[[ Given information open ]]

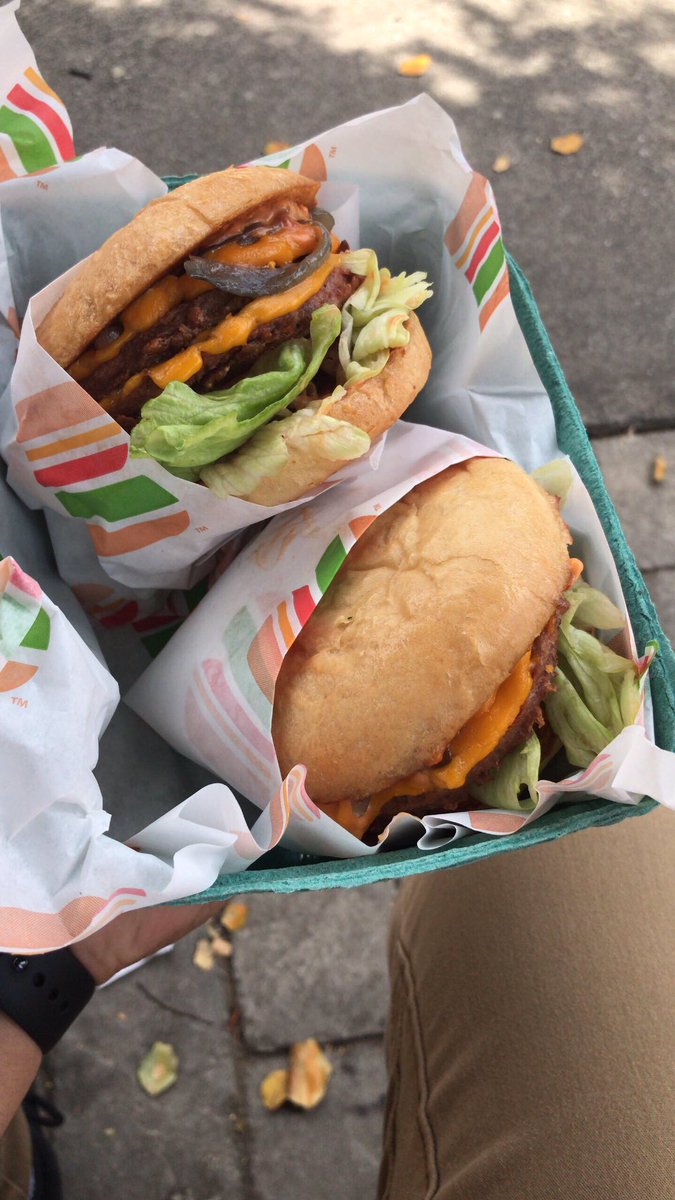 iamdeedj's tweet photo. Tried these burgers from @TheBurgerPatch today. Freaking delicious!! And their shake as well. Definitely coming back soon!! #BurgerPatch #BeyondMeat https://t.co/bKOJtukS46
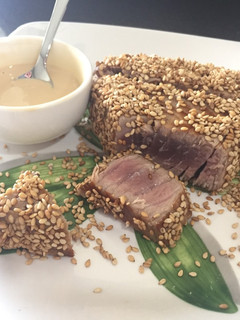 Una foto de Atún rojo estilo tataki con mayonesa de soja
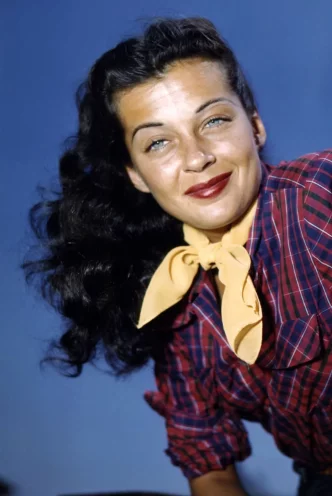  Gail Russell photo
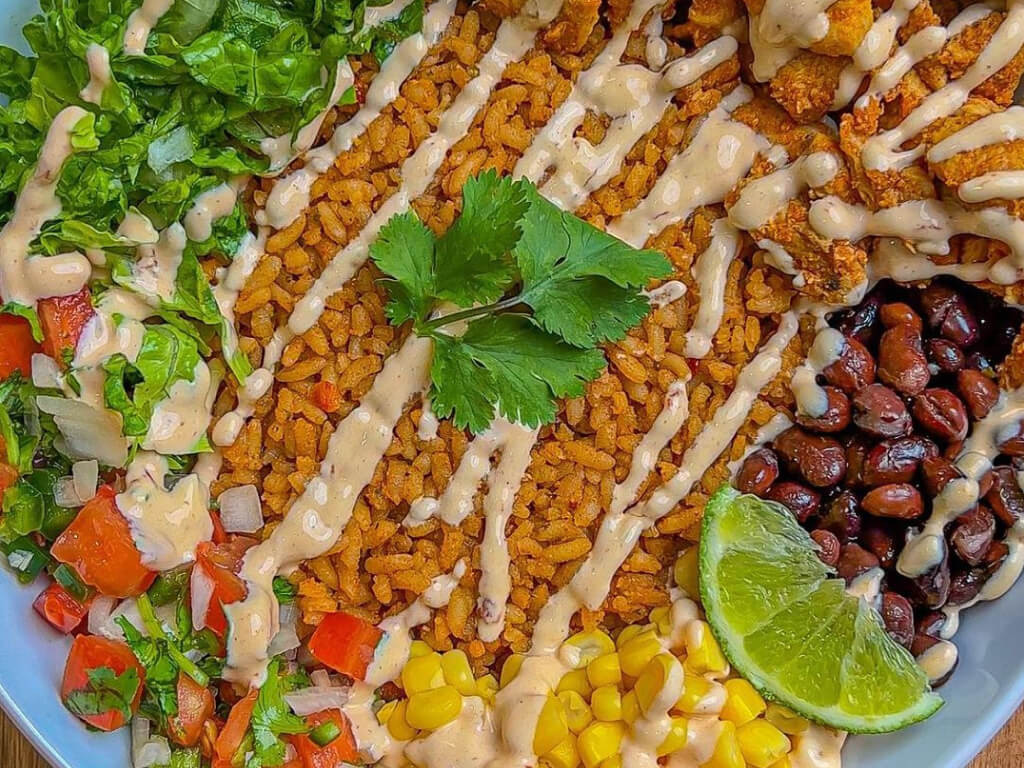 Chipotle Chicken Burrito Bowl by Aussie Fitness | MealPrep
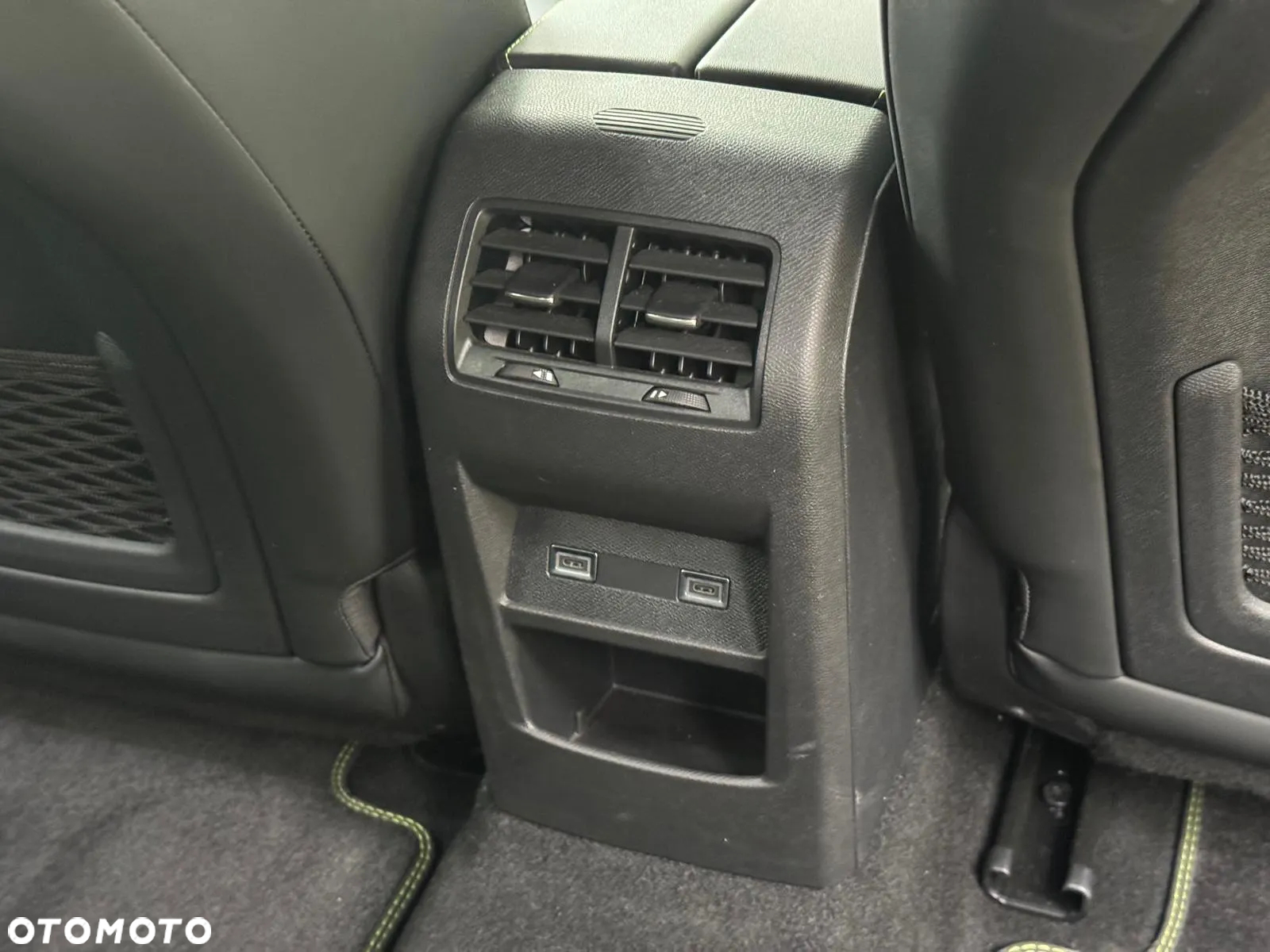 Peugeot 408 1.2 PureTech GT S&S EAT8 - 22
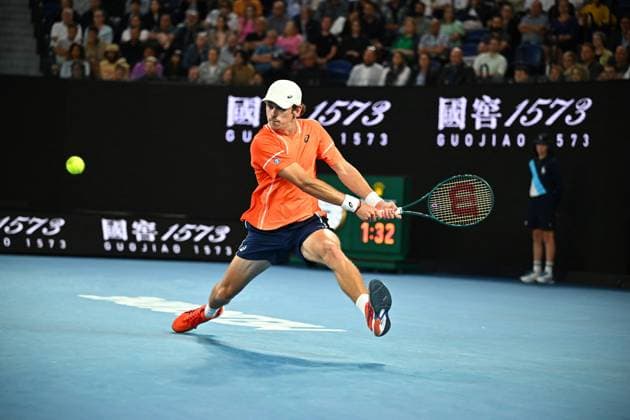 2024 Australian Open - Melbourne Alex De Minaur (AUS) during his fourth round match at the 2024 Australian Open at Melbourne Park in Melbourne, Australia, on January 21, 2024. Photo by Corinne Dubreuil ABACAPRESS.COM Melbourne Australia  Copyright: xDubreuilxCorinne ABACAx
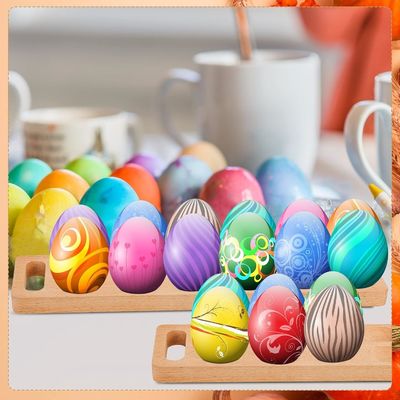 En el Día de Acción de Gracias, la bandeja de huevos demonizados ahorra espacio con este porta bandejas de madera de 12 agujeros.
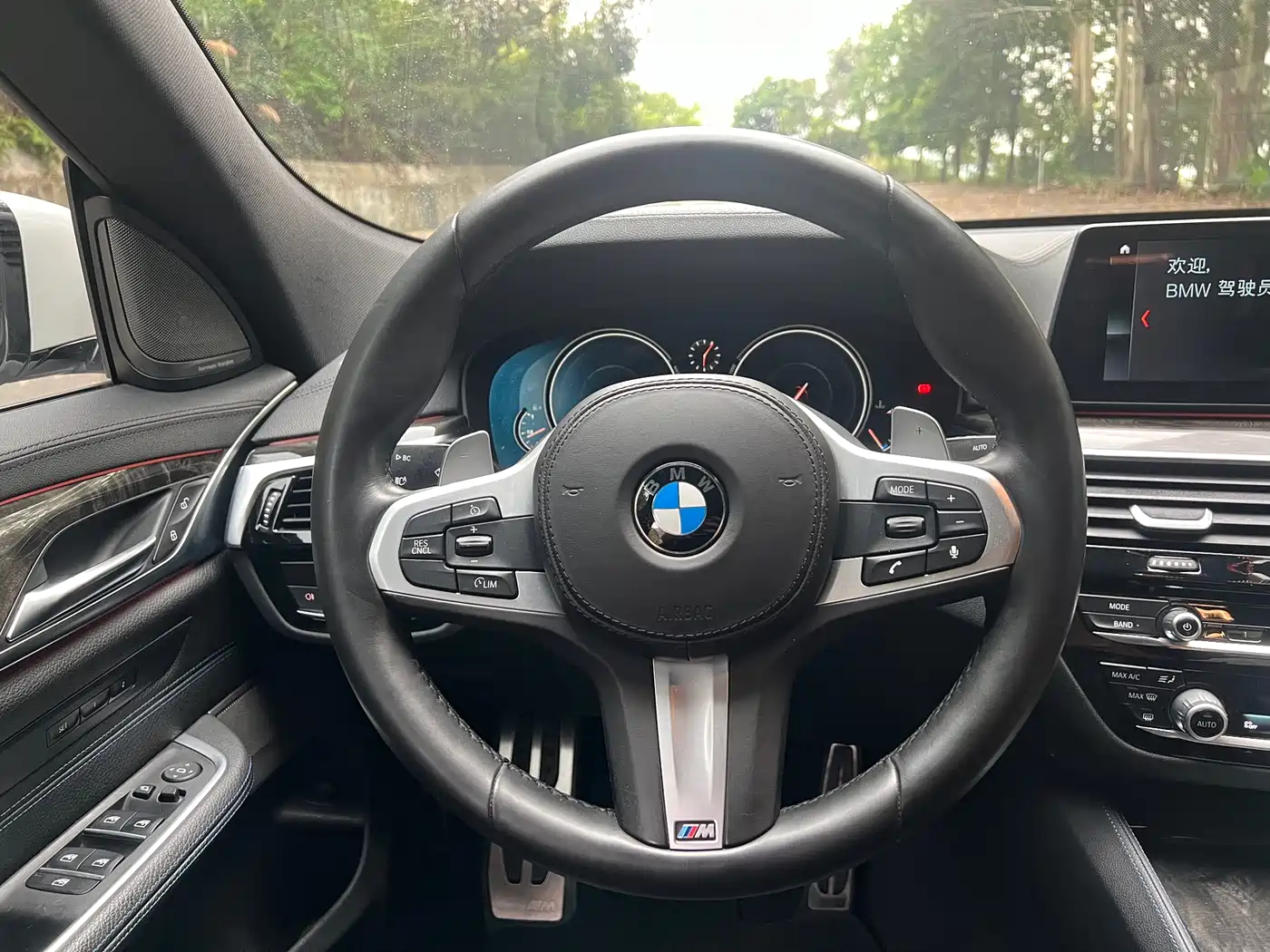 BMW 6 Series GT 2018 630i M Sport Package фото 13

[[ Given information closed ]]

**Task description:** The first line of the entries, the line containing "Gail Russell photo", and every line between them are to be output exactly; pictures are not.

**Answer space:**
 iamdeedj's tweet photo. Tried these burgers from @TheBurgerPatch today. Freaking delicious!! And their shake as well. Definitely coming back soon!! #BurgerPatch #BeyondMeat https://t.co/bKOJtukS46
 Una foto de Atún rojo estilo tataki con mayonesa de soja
  Gail Russell photo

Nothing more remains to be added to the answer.